Despite the fact that I'd love to see Manning and Harrison finally get the rings they deserve, and despite the fact that my 4-year-old son will be cheering for the "Shoelaces" - see, that thing on their helmets isn't a horseshoe, it's a shoelace... at least to my son - I find myself leaning toward Bears.
Maybe it's because I dearly love Chicago? Maybe it's because I had an unnatural attraction to Walter Payton? Maybe it's because I still remember what Irsay did to the city of Baltimore?
Regradless, I love this Super Bowl because whoever wins I will be happy so long as it's a great game.
Keith,
Somehow you manage to be totally inspirational and yet still smash my dreams against a big mossy rock. All in one sentence! That’s talent.
Paul, J.T.
Thanks for the assist. You guys said exactly what I wanted to hear, which in this case is also what I needed to hear.
Billie,
I’ve been walking that tightrope in my head. And you’re right, it kills creativity.
Lisa,
How do you define unpublished? If we’re talking novels, then I’m right there with you. To some degree, I respect every published author out there. It’s a tough business. That being said, they don’t corner the market on creativity. Your advice is both appreciated and welcome. It’s good to know I’m not alone.
B.G.
Knowing someone out there would actually like to read my book is VERY helpful. It gives me hope that maybe it won’t just sit on my hard drive.
Are you dreaming of huge monetary success?
Others will have different views, but to quote George Thorogood:
Who do you love? Y
ou can love the book, or you can love the thought of being a multimillionaire on Leno. Pick one.
If you pick Leno, I got nothing for you. Go talk to Konrath or somebody. If you pick the book, I got one bulletproof piece of advice:
Finish.
If the only way you can finish is to love what you're writing, then write what you love. Unfinished marketing tactics are of no use. Finished manuscripts, you can do something with. Writing what you love is, therefore, a marketing decision. It's how you complete a product. After that, it either sells or it doesn't. But dreams don't sell. Manuscripts do. Do what it takes to finish one.
Or I could be full of it.
(And I couldn't care less about the Super Bowl either.)
Now stick with it.
I was totally joking, and I thank you for your advice. Your comments (including the one made on my other post) are to the point and honest, and I appreciate them.
As to your advice, like I said, I’ve made my choice to write the book I want to write.
But can’t I dream of making millions, just for a little while?
Sure, I know that confidence Jones.

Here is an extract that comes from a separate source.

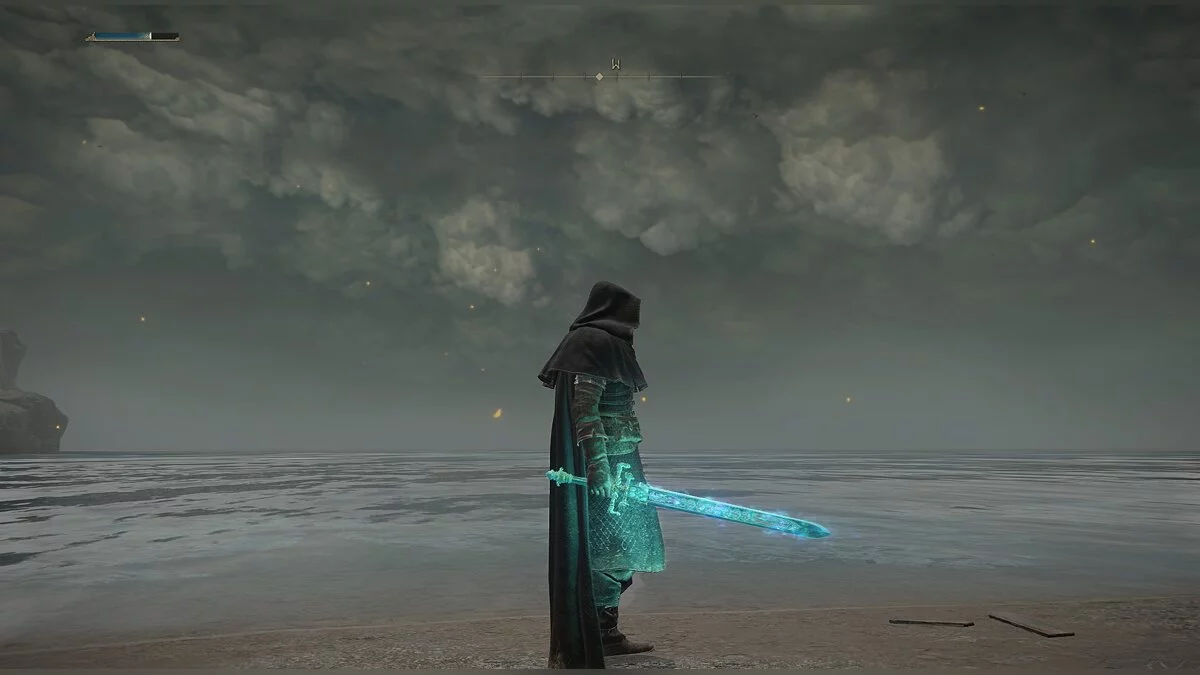 Elden Ring — Вечные усиления на оружие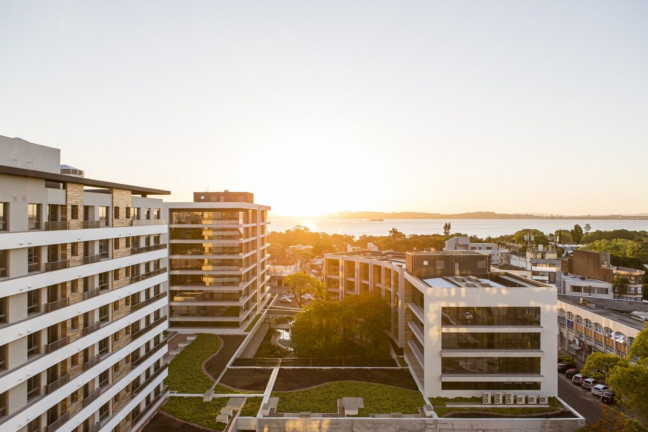 Imagem Imóvel com 3 Quartos à Venda, 149 m² em Tristeza - Porto Alegre Imagem Imóvel com 3 Quartos à Venda, 149 m² em Tristeza - Porto Alegre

But truly, does every idea deserve to become a novel? When do we know that the idea isn't unique enough ... big enough ... deep enough ... complex or surprising enough?
In any case Mike, I'm glad you're writing from the heart. That's the only filling station we've got on this road trip.
(That's not really true, is it?)
Louise already quoted your very quotable quote, so I'll just say - Hear, hear!!
Mike, it does sound like you did the right thing.